Take the entries below and print, exactly, the stretch from the line containing "2 5M Romantico" through the line containing "Lighting Collection LILAC", both included.
──────────
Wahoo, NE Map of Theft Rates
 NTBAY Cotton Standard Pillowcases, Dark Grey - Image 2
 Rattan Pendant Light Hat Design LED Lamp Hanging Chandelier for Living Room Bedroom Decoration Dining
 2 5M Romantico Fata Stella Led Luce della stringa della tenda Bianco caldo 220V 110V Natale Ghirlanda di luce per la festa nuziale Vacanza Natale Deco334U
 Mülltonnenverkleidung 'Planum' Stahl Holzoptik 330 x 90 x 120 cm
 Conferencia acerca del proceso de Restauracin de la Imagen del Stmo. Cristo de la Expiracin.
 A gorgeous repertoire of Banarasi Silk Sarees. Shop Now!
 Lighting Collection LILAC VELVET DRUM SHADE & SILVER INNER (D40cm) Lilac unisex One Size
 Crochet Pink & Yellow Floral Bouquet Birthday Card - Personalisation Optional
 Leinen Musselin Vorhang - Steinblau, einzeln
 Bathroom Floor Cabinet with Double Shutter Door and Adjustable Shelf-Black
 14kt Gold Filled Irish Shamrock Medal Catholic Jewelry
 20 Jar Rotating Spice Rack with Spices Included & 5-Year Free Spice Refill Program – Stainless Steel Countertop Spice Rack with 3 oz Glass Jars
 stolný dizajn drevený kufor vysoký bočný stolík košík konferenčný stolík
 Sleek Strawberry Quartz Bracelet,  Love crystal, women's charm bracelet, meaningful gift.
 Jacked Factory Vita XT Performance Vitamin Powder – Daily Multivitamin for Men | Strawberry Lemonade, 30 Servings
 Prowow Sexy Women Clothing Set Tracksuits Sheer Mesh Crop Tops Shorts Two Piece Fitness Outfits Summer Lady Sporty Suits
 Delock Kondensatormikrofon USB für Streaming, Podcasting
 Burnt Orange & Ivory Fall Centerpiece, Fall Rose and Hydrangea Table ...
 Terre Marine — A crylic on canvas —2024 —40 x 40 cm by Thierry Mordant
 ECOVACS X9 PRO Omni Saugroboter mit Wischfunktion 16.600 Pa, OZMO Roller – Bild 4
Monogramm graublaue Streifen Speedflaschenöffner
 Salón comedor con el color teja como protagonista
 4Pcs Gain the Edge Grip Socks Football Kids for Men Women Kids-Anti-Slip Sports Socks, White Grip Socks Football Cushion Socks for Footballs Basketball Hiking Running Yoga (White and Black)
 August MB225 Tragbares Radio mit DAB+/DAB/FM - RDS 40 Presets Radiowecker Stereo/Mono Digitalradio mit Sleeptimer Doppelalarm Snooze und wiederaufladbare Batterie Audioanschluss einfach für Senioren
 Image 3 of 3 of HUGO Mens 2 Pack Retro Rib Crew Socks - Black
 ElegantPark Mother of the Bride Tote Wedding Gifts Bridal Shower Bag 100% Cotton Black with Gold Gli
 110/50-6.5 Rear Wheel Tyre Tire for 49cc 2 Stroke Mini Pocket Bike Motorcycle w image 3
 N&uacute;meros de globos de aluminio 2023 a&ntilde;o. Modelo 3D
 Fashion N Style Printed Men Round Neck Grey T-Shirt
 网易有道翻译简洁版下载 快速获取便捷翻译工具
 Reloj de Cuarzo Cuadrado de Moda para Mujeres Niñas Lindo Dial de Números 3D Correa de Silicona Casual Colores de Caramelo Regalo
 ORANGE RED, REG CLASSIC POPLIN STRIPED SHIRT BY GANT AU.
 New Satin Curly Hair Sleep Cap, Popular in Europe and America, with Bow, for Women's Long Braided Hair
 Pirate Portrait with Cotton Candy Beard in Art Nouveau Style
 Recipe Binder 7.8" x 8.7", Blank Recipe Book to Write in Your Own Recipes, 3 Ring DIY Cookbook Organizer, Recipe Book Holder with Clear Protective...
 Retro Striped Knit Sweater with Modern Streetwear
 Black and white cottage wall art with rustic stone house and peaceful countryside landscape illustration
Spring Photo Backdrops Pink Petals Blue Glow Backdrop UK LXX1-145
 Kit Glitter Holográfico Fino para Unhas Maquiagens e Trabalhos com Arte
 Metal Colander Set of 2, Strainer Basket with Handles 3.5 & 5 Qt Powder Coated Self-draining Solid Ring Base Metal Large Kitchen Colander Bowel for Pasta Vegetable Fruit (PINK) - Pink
──────────
- _Response for this exercise_:
 2 5M Romantico Fata Stella Led Luce della stringa della tenda Bianco caldo 220V 110V Natale Ghirlanda di luce per la festa nuziale Vacanza Natale Deco334U
 Mülltonnenverkleidung 'Planum' Stahl Holzoptik 330 x 90 x 120 cm
 Conferencia acerca del proceso de Restauracin de la Imagen del Stmo. Cristo de la Expiracin.
 A gorgeous repertoire of Banarasi Silk Sarees. Shop Now!
 Lighting Collection LILAC VELVET DRUM SHADE & SILVER INNER (D40cm) Lilac unisex One Size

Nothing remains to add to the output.